P v. Greed Power and Light Company

P v. Greed Power and Light Company


On June 1st at 4 a.m., following two days of heavy rain, a flood wiped out the housing development at Rancho Mudslide. The cause of the flood was the collapse of the dam five miles upstream from the development. The dam was built and owned by the Greed Power & Light Company. P, individually and on behalf of the class of residents of Rancho Mudslide, has sued Greed for $5 million in actual property damages and $50 million in punitive damages, alleging that Greed was negligent in building and maintaining the dam.

The following evidentiary problems came to light at the pretrial conference. How would you resolve each of them?

(1) P proposes to call Meyer, the president of the Rancho Mudslide Homeowner's Association, to testify that on May 25 he was at the dam site and that an engineer who had been sent to repair a sluice said to him, "This repair won't do much good if there is a heavy rain. The whole system is bad."

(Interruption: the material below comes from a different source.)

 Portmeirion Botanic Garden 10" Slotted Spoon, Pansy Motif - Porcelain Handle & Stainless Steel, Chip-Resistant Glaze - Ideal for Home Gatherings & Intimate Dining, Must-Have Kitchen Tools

(2) P proposes to call Harry, the engineer's husband, to testify that his wife told him when she came home from work on May 25 that "the repairs she had made would not do any good if there was a heavy rain because the whole system was bad."

(3) P proposes to call Clark Kent, a reporter for the Mudslide Muckraker, to testify that, upon learning of the catastrophe, he called up Rockeyfellow, the president of Greed, at 5 a.m. on June 1 for a reaction. Kent will testify that upon hearing what had happened, Rockeyfellow said, "Oh my God, the sluice system must have failed. We were negligent in maintaining it."

(4) P proposes to call Stoole, a Greed employee, to testify that a report by the Rancid Corporation, an outside consulting firm, prepared for the company ten years ago when the decision to build the dam was being made, states, "The soil at the suggested dam site is too porous. In case of heavy rain, there would be danger of collapse and flooding of the land downstream."

(5) D proposes to call Harbinger, its vice-president for public relations, to testify that eight years ago he sent a letter to all owners of land in the then-proposed Rancho Mudslide development, informing them that the proposed development lay in the path of any water discharge from the dam and that a property owner would be foolish and negligent to build a residence in that location.